ARTHROPOD MUSEUM NOTES
Number 96 • April 17, 2013 • Jeffrey K. Barnes
Autumn yellow-winged grasshopper
Family: Acrididae (Subfamily: Oedipodinae)
Genus and species: Arphia xanthoptera (Burmeister)
The Oedopodinae, or band-winged grasshoppers, are among our most conspicuous grasshoppers. Those of the genus Arphia are usually heavy bodied and bear enlarged hind legs. They are a rather drab gray or brown color and uninteresting when at rest, but when in flight, the bright orange or red hind wings are revealed as the male hopper makes a distinctive snapping, crackling, and buzzing sound. The sound, called crepitation, is produced by rubbing the under surface of the forewings against the veins of the hind wings. Solitary males may use the conspicuous flight and sound display to attract females. Band-winged grasshoppers are common in old fields, along roadsides, and on prairie remnants.

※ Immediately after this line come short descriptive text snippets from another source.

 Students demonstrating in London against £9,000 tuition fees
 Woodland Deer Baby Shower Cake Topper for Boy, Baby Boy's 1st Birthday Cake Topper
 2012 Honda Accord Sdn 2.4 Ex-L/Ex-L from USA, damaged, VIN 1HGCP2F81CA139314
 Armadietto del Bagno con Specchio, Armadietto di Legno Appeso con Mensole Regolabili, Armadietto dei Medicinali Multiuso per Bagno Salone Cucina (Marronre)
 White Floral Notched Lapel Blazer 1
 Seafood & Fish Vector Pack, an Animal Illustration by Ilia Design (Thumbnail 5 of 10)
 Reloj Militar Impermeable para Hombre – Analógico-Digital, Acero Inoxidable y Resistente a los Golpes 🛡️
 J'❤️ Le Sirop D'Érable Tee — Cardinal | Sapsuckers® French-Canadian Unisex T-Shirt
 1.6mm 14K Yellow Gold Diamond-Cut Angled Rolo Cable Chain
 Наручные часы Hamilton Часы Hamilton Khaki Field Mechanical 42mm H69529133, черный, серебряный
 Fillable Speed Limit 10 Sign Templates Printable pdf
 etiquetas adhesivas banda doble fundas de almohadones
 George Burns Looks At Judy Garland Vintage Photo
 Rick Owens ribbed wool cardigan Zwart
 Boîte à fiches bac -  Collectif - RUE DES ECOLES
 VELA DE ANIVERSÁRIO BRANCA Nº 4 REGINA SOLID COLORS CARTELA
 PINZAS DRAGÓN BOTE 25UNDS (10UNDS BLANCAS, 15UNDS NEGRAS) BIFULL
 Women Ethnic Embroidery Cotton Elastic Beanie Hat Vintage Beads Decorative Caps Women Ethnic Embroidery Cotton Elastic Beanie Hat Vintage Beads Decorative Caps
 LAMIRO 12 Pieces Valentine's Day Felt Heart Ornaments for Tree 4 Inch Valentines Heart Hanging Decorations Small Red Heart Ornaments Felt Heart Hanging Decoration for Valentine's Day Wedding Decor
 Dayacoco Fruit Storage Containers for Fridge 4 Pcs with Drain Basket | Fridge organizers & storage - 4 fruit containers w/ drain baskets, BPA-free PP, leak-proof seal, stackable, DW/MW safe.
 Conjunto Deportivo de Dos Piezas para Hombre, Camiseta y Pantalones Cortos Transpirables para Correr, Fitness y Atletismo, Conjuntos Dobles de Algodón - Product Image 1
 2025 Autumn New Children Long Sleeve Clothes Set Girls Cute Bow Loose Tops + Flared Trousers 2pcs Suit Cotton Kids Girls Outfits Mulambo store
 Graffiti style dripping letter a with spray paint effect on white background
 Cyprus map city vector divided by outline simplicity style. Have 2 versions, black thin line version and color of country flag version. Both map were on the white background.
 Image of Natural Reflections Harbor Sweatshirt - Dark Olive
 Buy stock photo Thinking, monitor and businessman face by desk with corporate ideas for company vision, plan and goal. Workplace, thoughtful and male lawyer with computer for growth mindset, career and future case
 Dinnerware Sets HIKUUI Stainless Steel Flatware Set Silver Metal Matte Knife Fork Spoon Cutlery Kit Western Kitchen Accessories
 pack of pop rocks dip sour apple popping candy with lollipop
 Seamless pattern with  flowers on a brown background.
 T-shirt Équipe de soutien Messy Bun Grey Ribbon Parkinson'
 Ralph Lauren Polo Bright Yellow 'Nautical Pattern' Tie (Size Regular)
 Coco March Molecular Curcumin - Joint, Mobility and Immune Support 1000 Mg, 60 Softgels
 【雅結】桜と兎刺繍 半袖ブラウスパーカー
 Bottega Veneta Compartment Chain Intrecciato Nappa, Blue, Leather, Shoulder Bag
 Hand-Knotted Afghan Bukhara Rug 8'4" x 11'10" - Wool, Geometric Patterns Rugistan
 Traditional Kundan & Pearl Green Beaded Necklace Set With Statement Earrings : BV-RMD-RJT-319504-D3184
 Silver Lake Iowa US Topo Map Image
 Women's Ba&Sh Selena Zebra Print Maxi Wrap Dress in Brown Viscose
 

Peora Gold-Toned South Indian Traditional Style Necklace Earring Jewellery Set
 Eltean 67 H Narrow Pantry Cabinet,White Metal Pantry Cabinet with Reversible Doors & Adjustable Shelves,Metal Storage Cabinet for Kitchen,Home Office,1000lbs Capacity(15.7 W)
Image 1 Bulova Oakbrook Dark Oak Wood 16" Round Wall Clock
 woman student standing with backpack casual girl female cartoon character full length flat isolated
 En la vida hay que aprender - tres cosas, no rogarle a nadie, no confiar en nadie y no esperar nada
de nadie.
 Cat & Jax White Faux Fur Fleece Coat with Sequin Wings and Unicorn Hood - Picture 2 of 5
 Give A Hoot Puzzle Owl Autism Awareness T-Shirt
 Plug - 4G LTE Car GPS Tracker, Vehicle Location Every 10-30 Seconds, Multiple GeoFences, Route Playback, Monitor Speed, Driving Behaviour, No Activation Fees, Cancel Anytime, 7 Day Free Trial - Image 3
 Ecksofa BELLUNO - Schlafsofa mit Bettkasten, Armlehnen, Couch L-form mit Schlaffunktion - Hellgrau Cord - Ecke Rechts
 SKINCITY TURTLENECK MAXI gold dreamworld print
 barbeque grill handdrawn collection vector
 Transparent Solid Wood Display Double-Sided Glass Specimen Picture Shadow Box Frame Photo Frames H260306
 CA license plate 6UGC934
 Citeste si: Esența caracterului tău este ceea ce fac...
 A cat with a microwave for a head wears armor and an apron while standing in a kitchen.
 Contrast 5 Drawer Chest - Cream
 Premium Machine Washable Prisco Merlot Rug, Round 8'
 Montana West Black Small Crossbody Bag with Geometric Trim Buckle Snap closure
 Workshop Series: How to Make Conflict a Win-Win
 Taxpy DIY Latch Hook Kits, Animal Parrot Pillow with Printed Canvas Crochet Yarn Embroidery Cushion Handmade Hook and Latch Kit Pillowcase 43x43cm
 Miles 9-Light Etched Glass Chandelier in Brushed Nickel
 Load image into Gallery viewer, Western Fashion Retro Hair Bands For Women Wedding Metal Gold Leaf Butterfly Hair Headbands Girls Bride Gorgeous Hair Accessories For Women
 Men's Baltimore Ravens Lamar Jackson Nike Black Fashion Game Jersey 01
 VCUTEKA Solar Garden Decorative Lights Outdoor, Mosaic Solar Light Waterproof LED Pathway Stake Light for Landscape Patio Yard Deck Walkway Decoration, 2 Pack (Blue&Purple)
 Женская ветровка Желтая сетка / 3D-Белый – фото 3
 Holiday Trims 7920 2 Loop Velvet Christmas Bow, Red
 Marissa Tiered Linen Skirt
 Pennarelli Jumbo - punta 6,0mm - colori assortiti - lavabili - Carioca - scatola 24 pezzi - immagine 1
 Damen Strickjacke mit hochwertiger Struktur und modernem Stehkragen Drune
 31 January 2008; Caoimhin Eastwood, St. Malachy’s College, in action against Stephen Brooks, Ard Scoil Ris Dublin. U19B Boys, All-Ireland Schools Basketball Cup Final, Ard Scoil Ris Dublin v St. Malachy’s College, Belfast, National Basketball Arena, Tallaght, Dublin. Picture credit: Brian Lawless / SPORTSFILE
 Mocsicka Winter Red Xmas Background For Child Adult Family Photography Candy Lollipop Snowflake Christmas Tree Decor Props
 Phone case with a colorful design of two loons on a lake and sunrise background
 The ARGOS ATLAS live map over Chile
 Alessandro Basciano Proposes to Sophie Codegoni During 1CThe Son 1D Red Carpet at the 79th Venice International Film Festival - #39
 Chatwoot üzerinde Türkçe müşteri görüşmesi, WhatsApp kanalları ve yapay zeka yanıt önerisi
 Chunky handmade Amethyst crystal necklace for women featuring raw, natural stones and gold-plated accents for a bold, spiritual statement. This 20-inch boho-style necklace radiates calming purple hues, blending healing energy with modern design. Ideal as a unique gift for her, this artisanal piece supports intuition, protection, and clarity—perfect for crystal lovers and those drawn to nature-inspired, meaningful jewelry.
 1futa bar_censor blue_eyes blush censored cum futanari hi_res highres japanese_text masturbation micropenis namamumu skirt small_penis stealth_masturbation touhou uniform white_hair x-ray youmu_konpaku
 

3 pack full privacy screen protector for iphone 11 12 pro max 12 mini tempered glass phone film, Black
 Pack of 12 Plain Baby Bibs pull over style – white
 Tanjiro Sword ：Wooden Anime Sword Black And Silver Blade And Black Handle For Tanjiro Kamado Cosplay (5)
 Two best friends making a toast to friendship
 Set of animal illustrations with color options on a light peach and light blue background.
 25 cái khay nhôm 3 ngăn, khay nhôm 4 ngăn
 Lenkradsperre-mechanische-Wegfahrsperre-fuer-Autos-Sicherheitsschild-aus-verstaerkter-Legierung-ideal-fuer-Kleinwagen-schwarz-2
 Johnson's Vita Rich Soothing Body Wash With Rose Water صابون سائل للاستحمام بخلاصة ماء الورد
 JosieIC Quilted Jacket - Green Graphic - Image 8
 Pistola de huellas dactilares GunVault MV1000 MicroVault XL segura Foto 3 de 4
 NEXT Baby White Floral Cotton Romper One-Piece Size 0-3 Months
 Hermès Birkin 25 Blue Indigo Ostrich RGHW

Arphia xanthoptera is distinguished from its closest relatives by its high arching pronotal crest, the area just behind the head. It is a rather large, dark brown species averaging around 1.5 inches long. It ranges from southern New England and New York south to the Florida panhandle and west to western Nebraska, Kansas, Oklahoma and Texas. It can be found in open sunny woodland, grassy fields and woodland margins. It is thought that this species and perhaps some other eastern North American species greatly expanded their ranges as woodland was opened up in preparation for farming operations. This species overwinters in the egg stage. Nymphs hatch in spring and grow into adults that can be found from July through November in the southern states. These grasshoppers are thought to feed on grasses, but since they generally do not occur in cultivated fields their pest status is limited.